§ WORK INSTRUCTION: For this task, extract exactly the lines of the data below, from the line containing "炒股实战口诀，背熟就够用：1" through the last one, with pictures left out.

§ GIVEN DATA:
== == ==

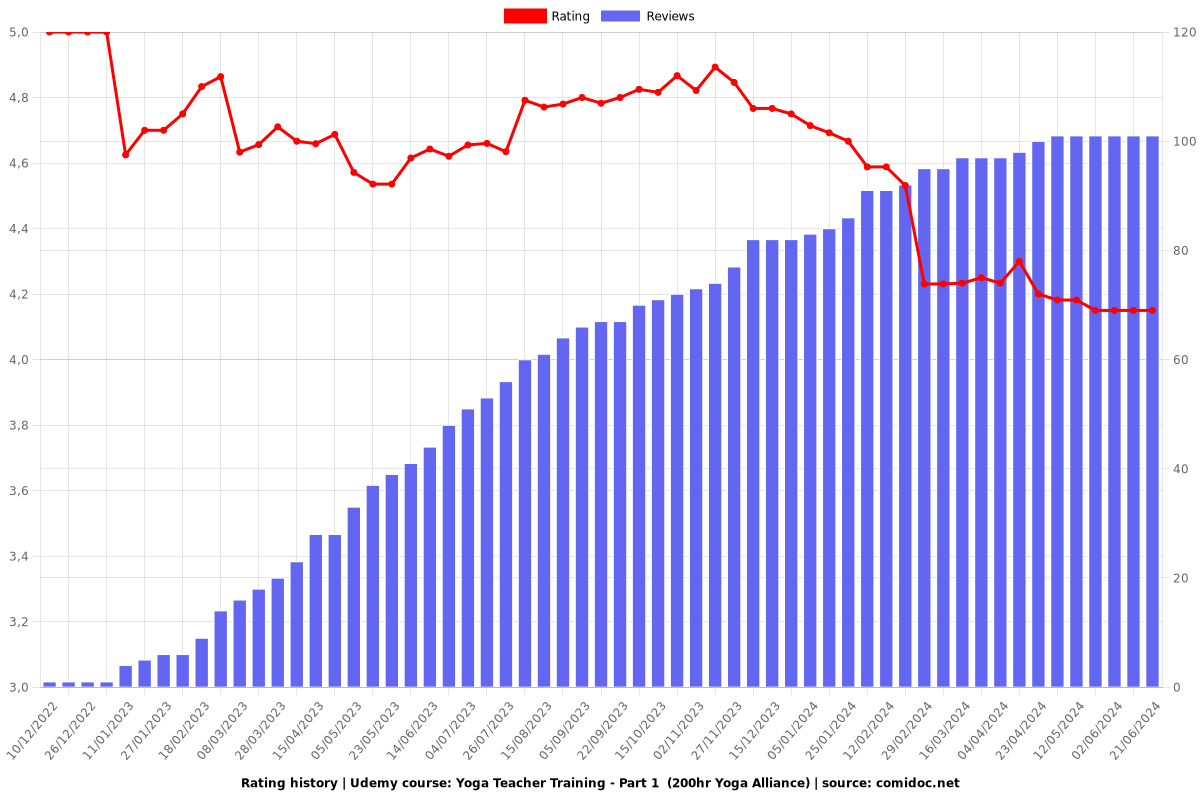Yoga Teacher Training - Part 1  (200hr Yoga Alliance) - Ratings chart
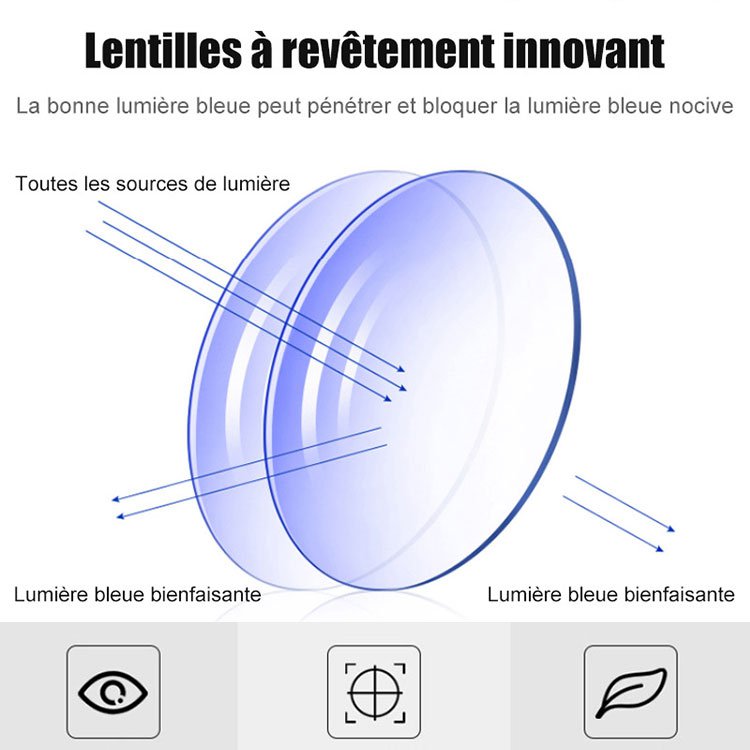Lunettes anti-lumière bleue de près et de loin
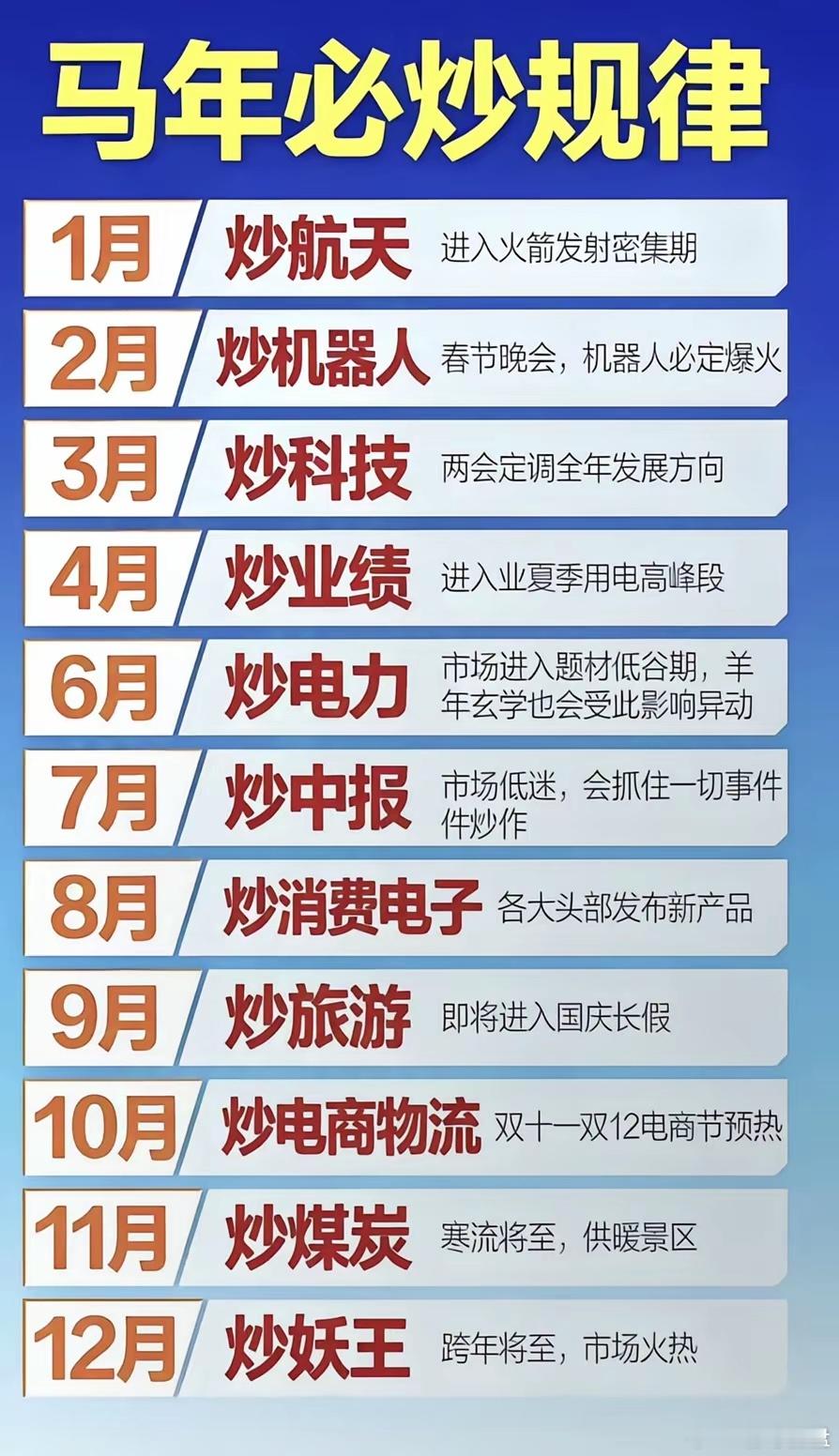 炒股实战口诀，背熟就够用：1. 顺势而为，不猜顶底2. 买在分歧，卖在一致3. 
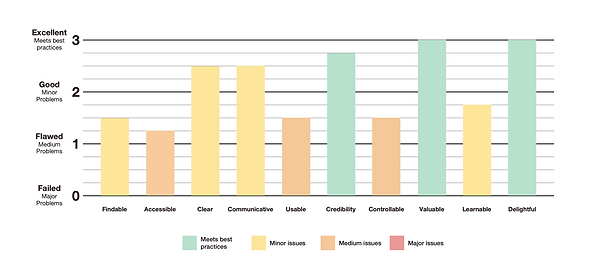 Heuristic Analysis.png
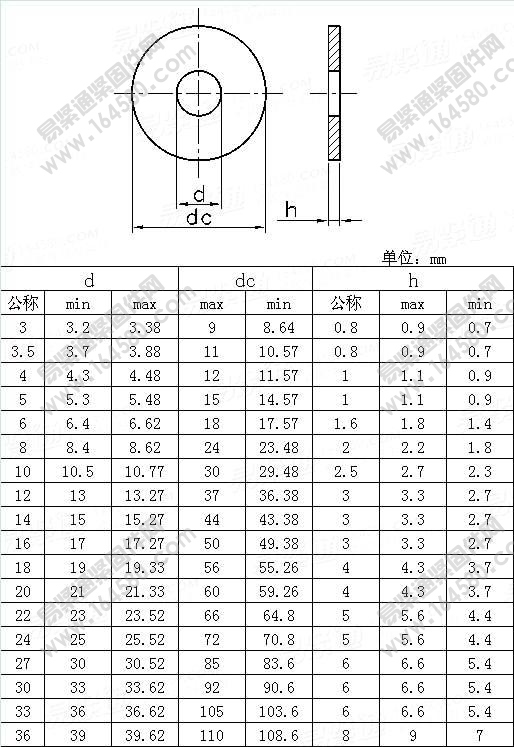 A级大垫圈-NFE25-530-2000[标准|规格]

== == ==

§ REPLY:
 炒股实战口诀，背熟就够用：1. 顺势而为，不猜顶底2. 买在分歧，卖在一致3. 
 Heuristic Analysis.png
 A级大垫圈-NFE25-530-2000[标准|规格]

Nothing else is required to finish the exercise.